Imagine downvoting “Be careful what you expose to the internet”. I thought I’d got away from Reddit.
The core message is (to me) fine.
What I kind of dislike is the delivery.Btw: Can someone tell me why the path-guessing is so dangerous?
I don’t care if someone can guess the path forthe.rise.of.the.linux.ISO.720p.DD.H264.mp4
and wants to download it.
Not like any damage or (interactive) intrusion was made into my networkBtw: Can someone tell me why he path-guessing is so dangerous?

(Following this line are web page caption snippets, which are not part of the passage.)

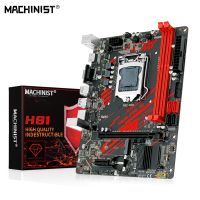 เครื่อง H81เมนบอร์ด LGA 1150รองรับ E3 Xeon CPU Core V4 V3 I5 I3 I7หน่วยประมวลผล DDR3 RAM HDMI SATA M.2 S1 H81M-PRO 3.0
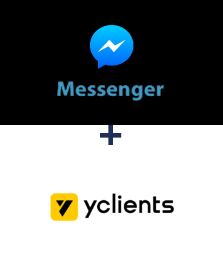 Інтеграція Facebook Messenger та YClients Інтеграція Facebook Messenger та YClients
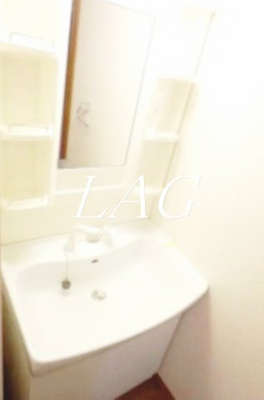 【洗面所】 | ヴューテラス戸田公園 | 洗面台です。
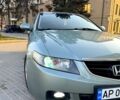 Зелений Хонда Аккорд, об'ємом двигуна 2 л та пробігом 243 тис. км за 5850 $, фото 3 на Automoto.ua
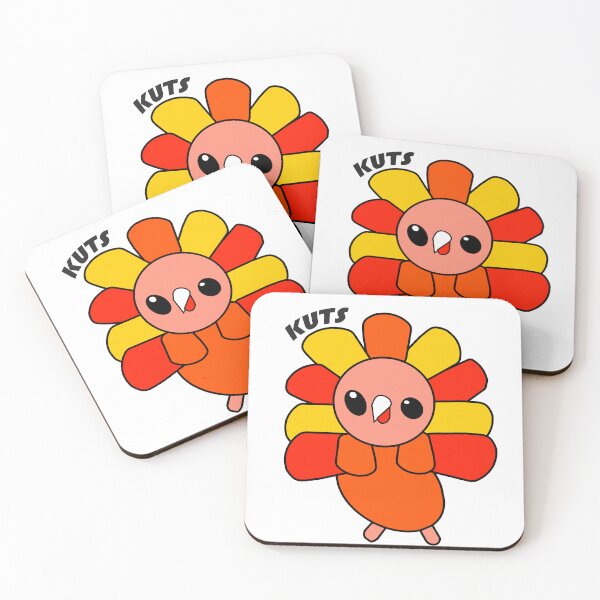 Item preview, KUTS. mayan turkey designed and sold by Cuchilate.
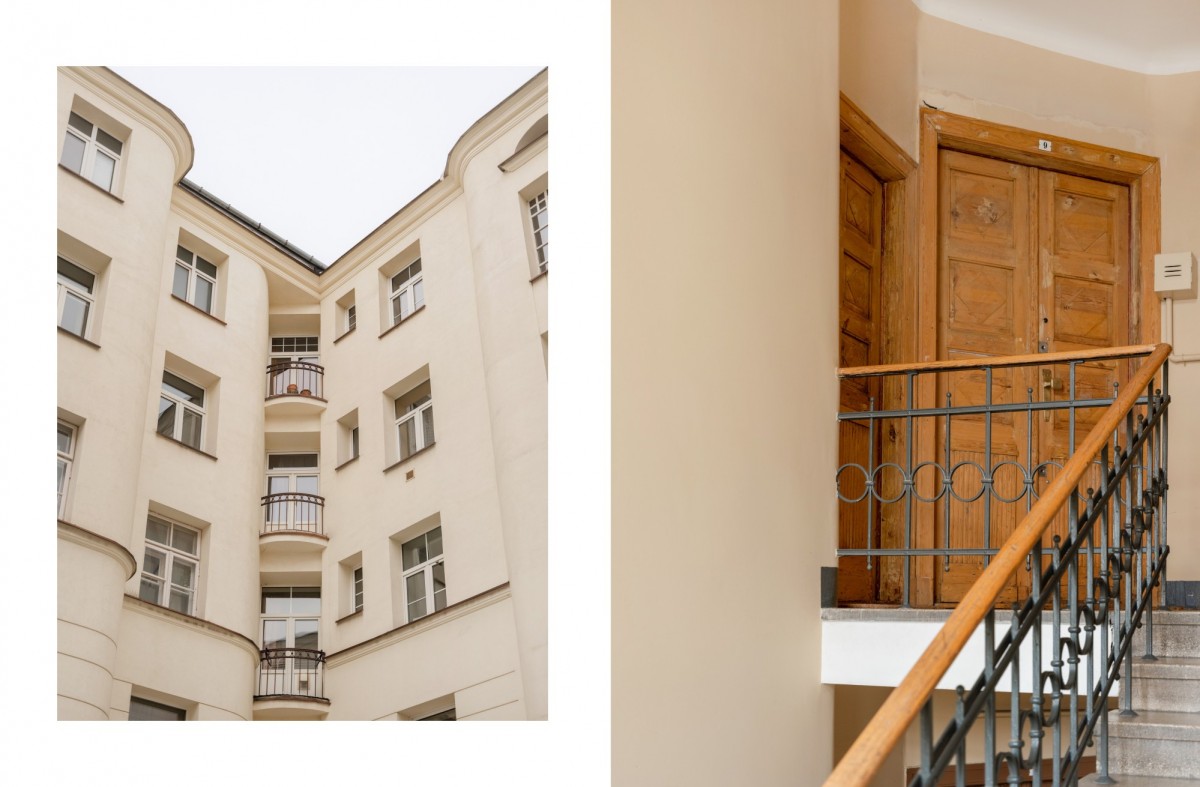 Warszawa · ul. Inżynierska — 15
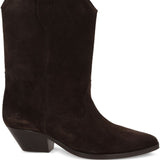 Isabel Marant Brown Pointed Toe Boots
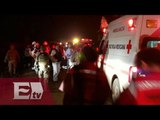 Suman cuatro los muertos por explosión en ducto de Pemex en Tabasco / Atalo Mata
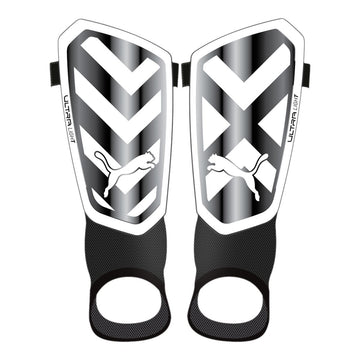 PUMA SHINGUARDS ULTRA LIGHT ANKLE WHITE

Cause organizations like Sony have already done things like installed rootkits on people’s computer. Now imagine they realize this is a flaw in some media setups the their legal departments start actioning on it. (generate a rainbow table of common names for files, and common paths used in linux/docker containers… running 10000 http requests on a server over a few minutes is child’s play)
All it takes it one thing to parse on a list that never had a physical release and now your whole server will be subject to discovery at the court case.
If you have literally no illegal content on your server, no problem… other than that you’ll be on the hook to provide proof of rights to have the content… and possibly at worst rights to distribute (they accessed it without authentication, so literally anyone else could have too).
Edit: Oh but hold on! I hear you say that it would be illegal for them to scan your computer like that…
Except it isn’t. There’s no law that says you can’t try to navigate to a URL. There are laws that say that you can’t bypass attempts to authenticate/protect content… but remember the endpoint isn’t behind authentication.
Except it isn’t. There’s no law that says you can’t try to navigate to a URL. There are laws that say that you can’t bypass attempts to authenticate/protect content… but remember the endpoint isn’t behind authentication.
Assuming I am from the US?
Because if so, it doesn’t applyBut I appreciate your time for the explanation.